[Caption-style text data]

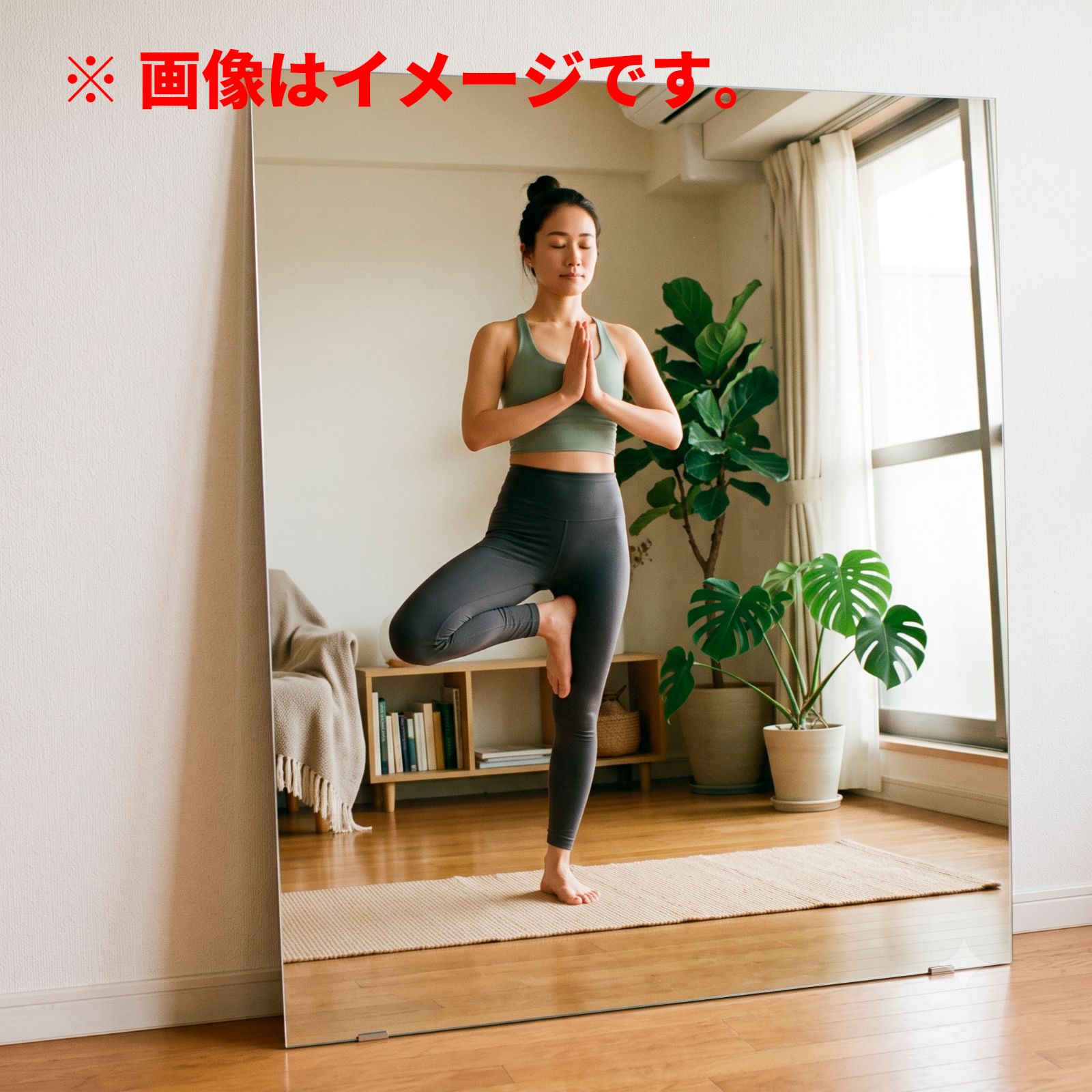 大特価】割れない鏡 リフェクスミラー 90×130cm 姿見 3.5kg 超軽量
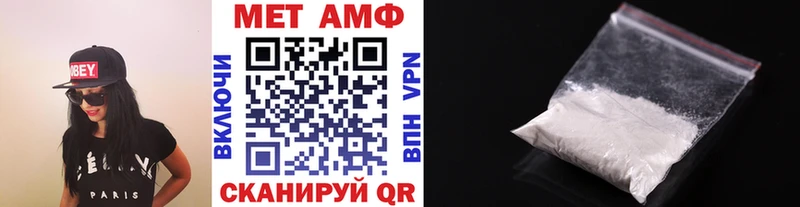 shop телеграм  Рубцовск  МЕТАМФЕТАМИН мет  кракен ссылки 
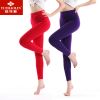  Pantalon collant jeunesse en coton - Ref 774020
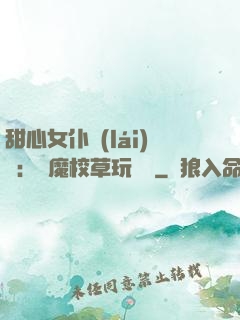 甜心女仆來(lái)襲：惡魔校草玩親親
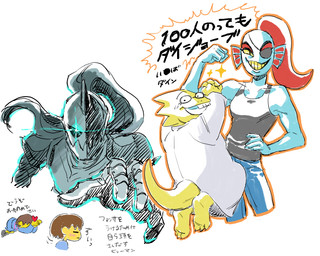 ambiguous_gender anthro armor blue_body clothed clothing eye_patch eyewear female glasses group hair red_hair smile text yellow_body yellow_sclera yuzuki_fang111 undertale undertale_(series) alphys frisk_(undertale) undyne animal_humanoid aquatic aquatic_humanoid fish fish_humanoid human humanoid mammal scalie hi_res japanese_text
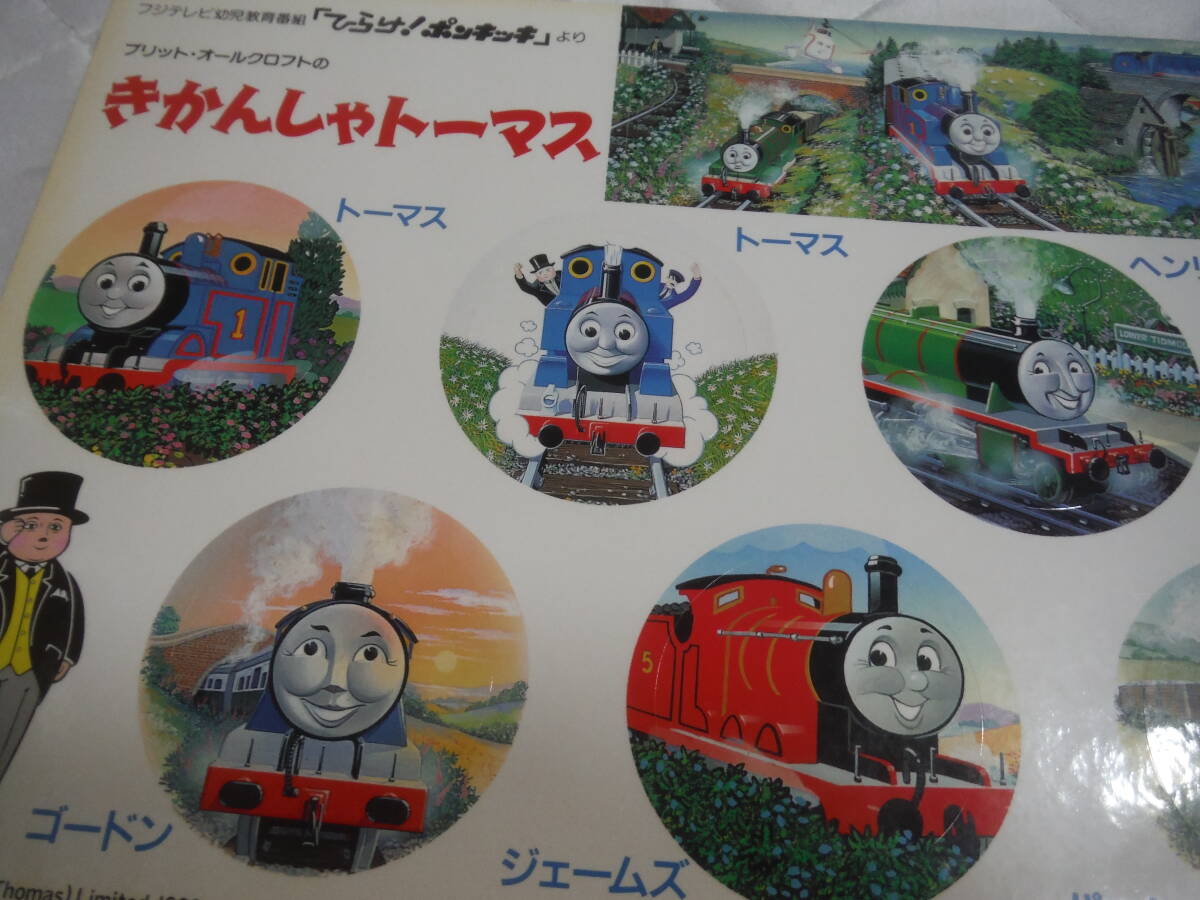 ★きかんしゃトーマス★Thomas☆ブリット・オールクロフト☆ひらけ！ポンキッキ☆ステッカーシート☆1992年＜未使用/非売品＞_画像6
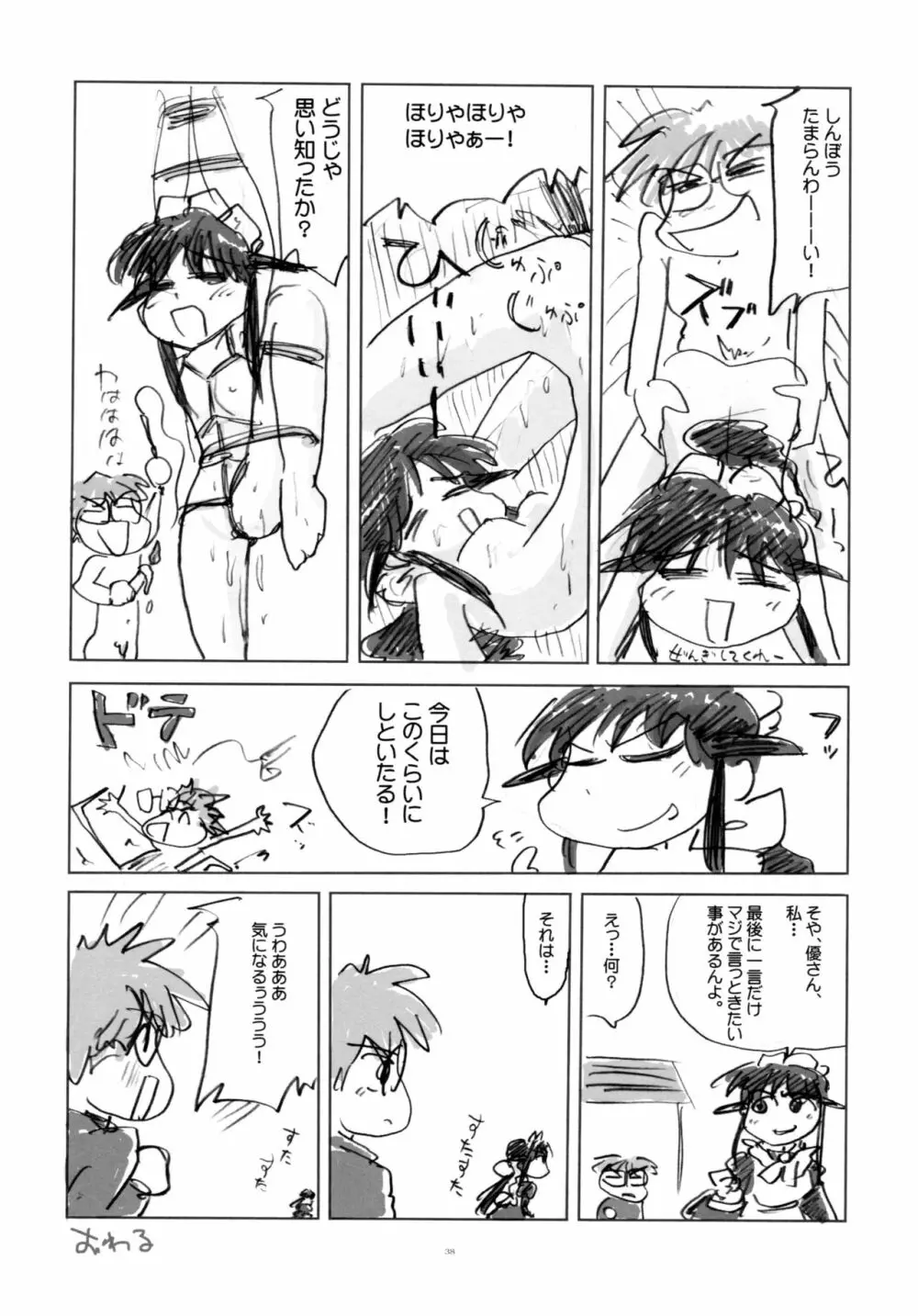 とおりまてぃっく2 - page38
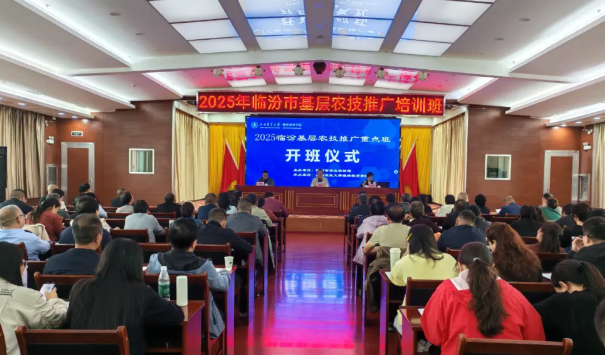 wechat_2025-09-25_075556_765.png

--

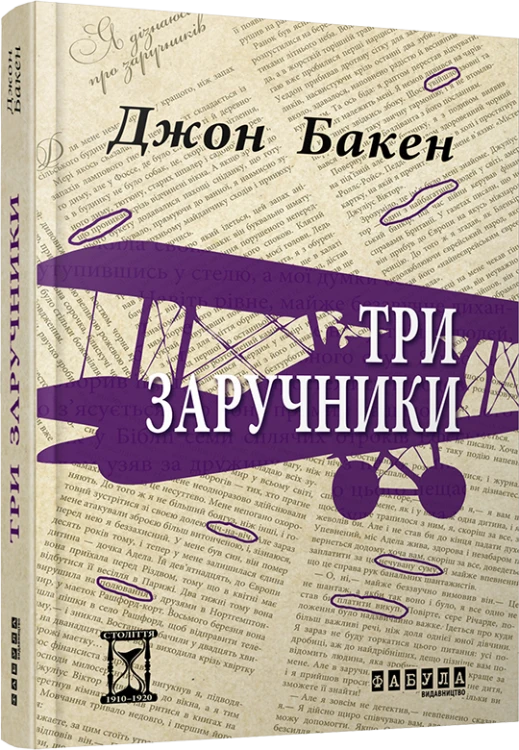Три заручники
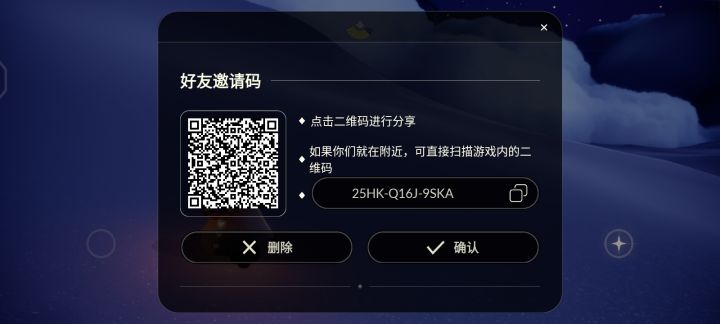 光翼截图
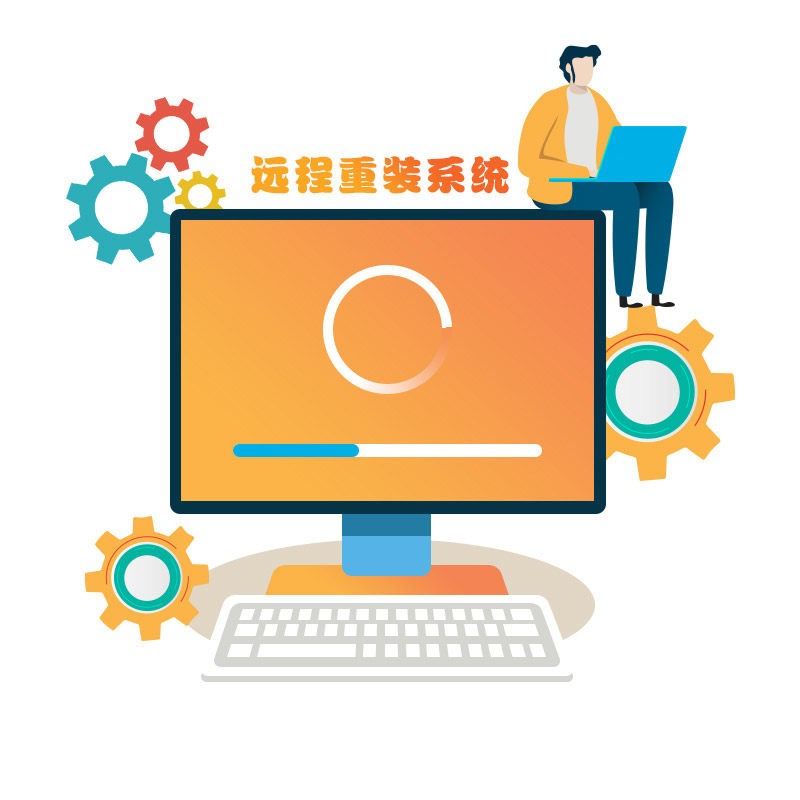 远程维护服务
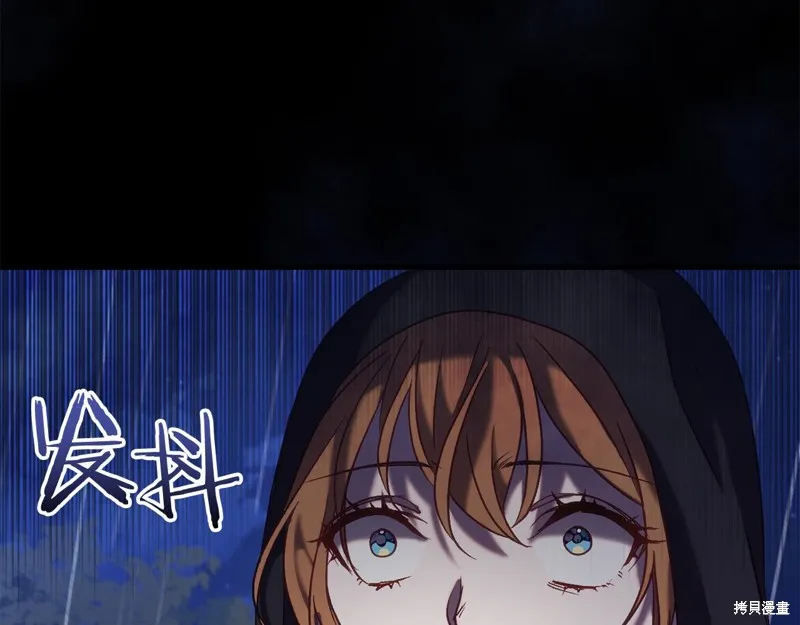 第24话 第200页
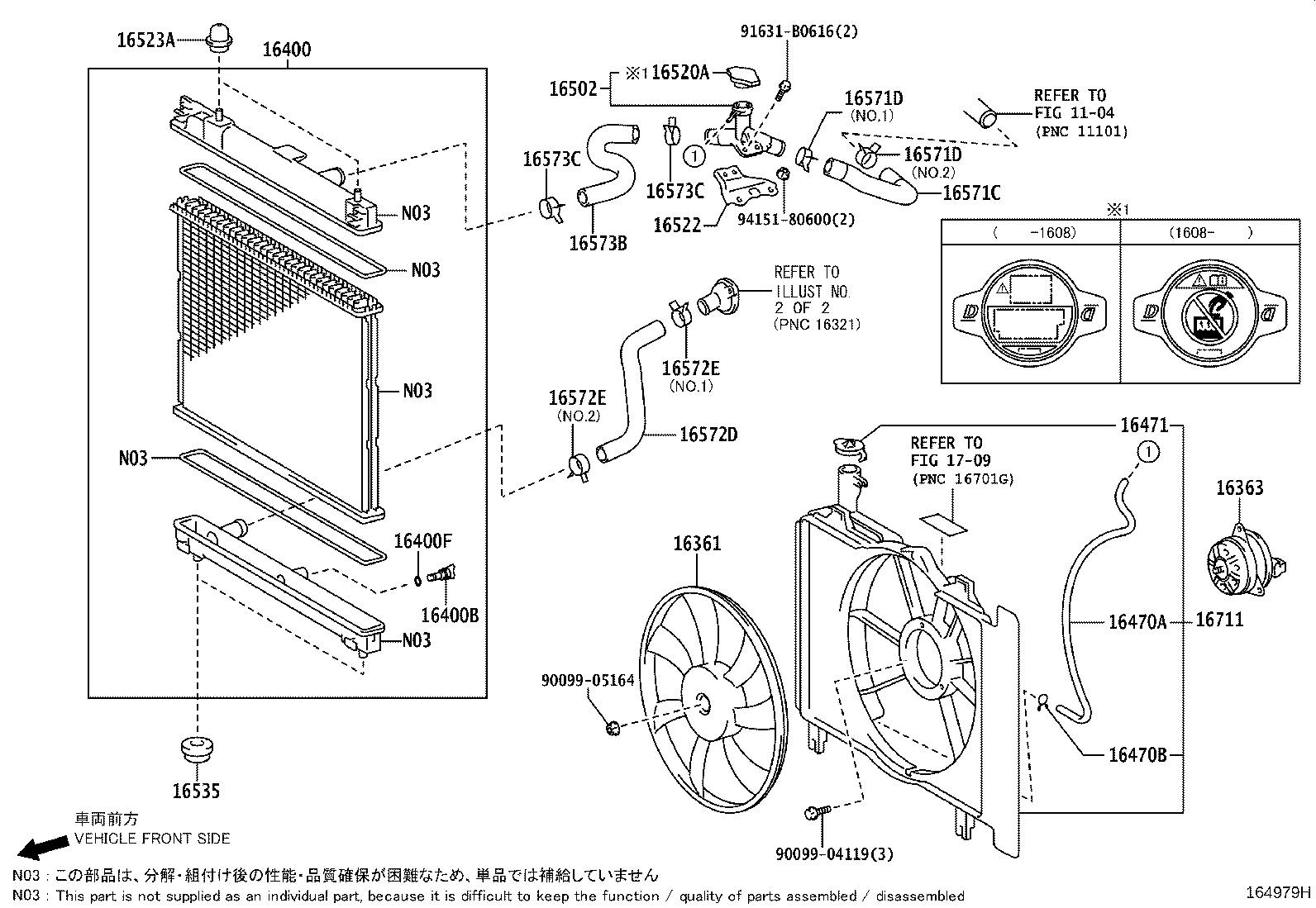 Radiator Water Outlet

...

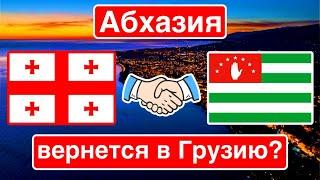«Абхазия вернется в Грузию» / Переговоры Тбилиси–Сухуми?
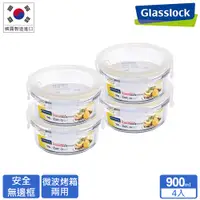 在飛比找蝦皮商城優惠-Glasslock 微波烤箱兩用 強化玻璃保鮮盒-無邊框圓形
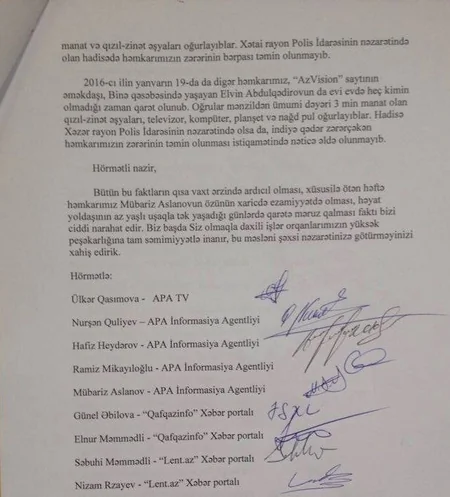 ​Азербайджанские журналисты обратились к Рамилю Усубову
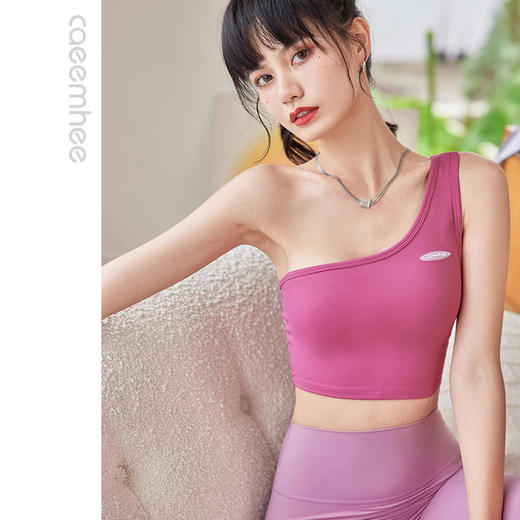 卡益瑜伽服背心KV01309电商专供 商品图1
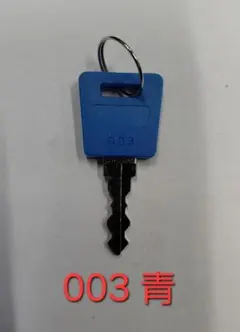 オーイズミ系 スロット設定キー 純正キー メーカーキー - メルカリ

[Task to complete] Would you output the lines above from the line holding "大特価】割れない鏡 リフェクスミラー 90×130cm 姿見 3.5kg 超軽量" up to and including the line holding "甜心女仆來(lái)襲：惡魔校草玩親親", exactly and only those, with no pictures?

[Output below]
 大特価】割れない鏡 リフェクスミラー 90×130cm 姿見 3.5kg 超軽量
 shop телеграм  Рубцовск  МЕТАМФЕТАМИН мет  кракен ссылки 
  Pantalon collant jeunesse en coton - Ref 774020
 甜心女仆來(lái)襲：惡魔校草玩親親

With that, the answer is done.